▶ _YOUR GOAL_: Using the data below, reproduce exactly the lines from the line with "Purple Wrinkled Side" to the line with "120ml/200ml/400ml/500ml PE flip-top", both included; pictures must be dropped.

[[ RECORDS FOR PROCESSING open ]]

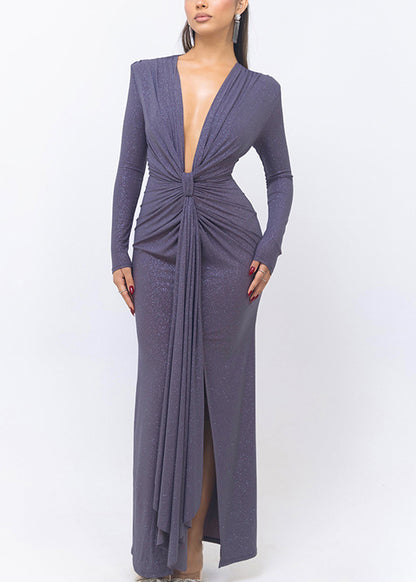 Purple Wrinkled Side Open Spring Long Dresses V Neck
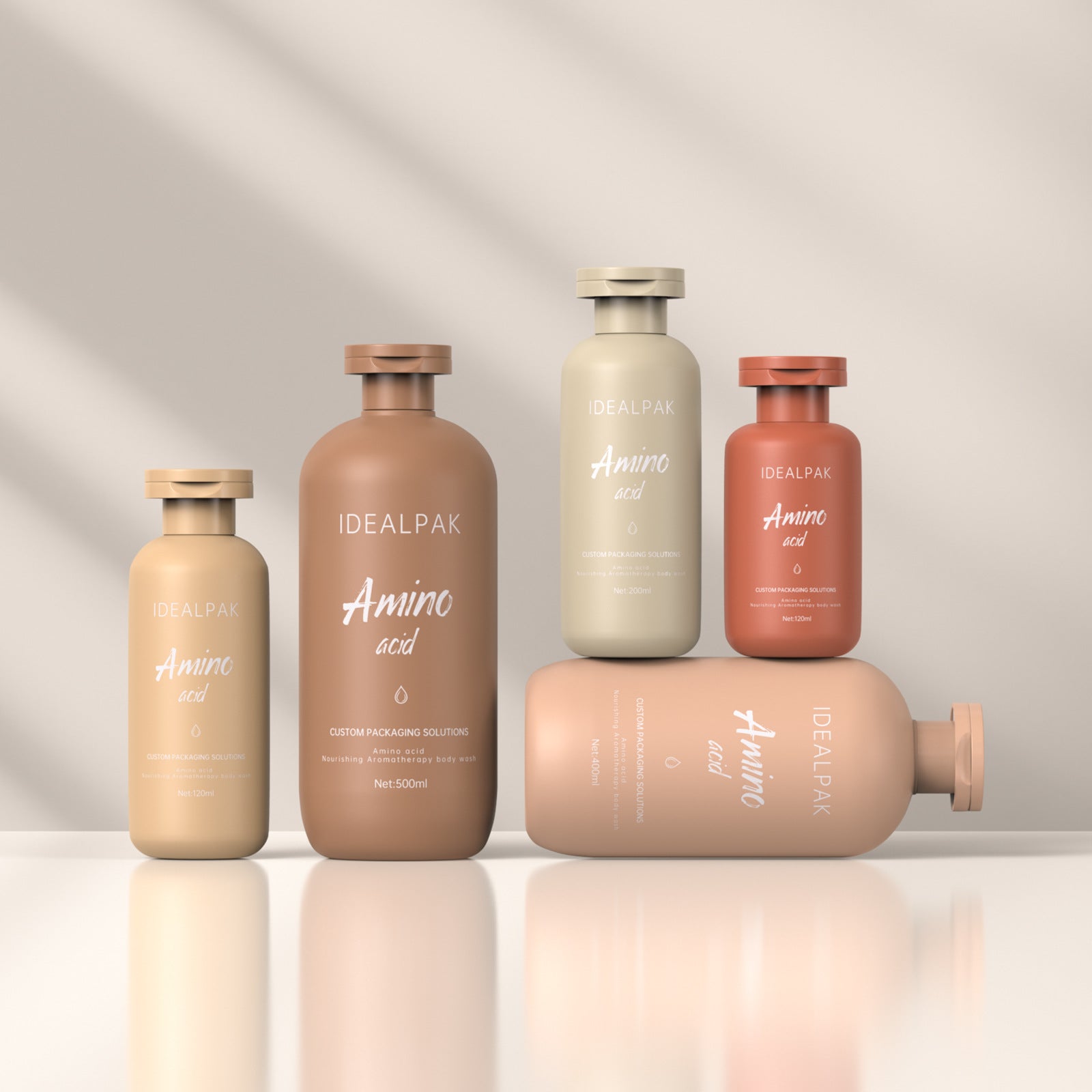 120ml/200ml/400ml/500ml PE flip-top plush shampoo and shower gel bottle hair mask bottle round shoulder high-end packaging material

[[ RECORDS FOR PROCESSING closed ]]
[[ RECORDS FOR PROCESSING open ]]

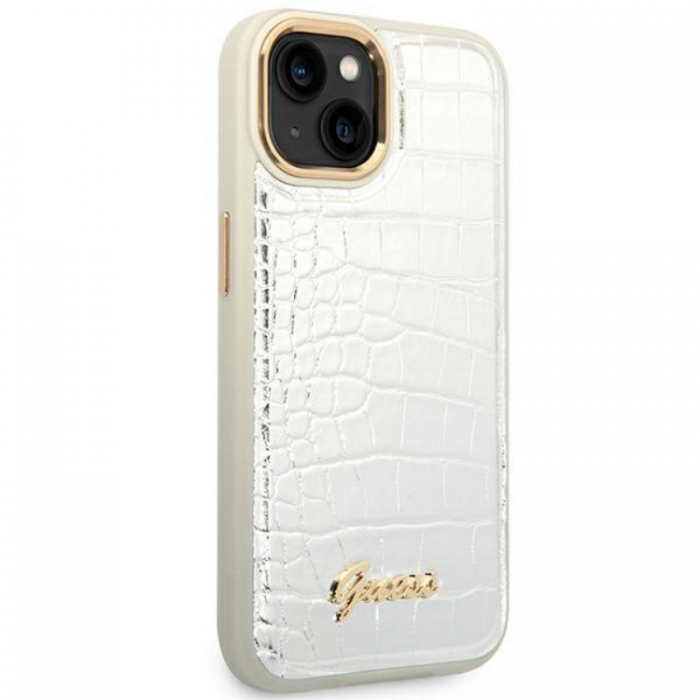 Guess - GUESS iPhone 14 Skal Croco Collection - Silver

[[ RECORDS FOR PROCESSING closed ]]

▶ _OUTPUT BELOW_:
 Purple Wrinkled Side Open Spring Long Dresses V Neck
 120ml/200ml/400ml/500ml PE flip-top plush shampoo and shower gel bottle hair mask bottle round shoulder high-end packaging material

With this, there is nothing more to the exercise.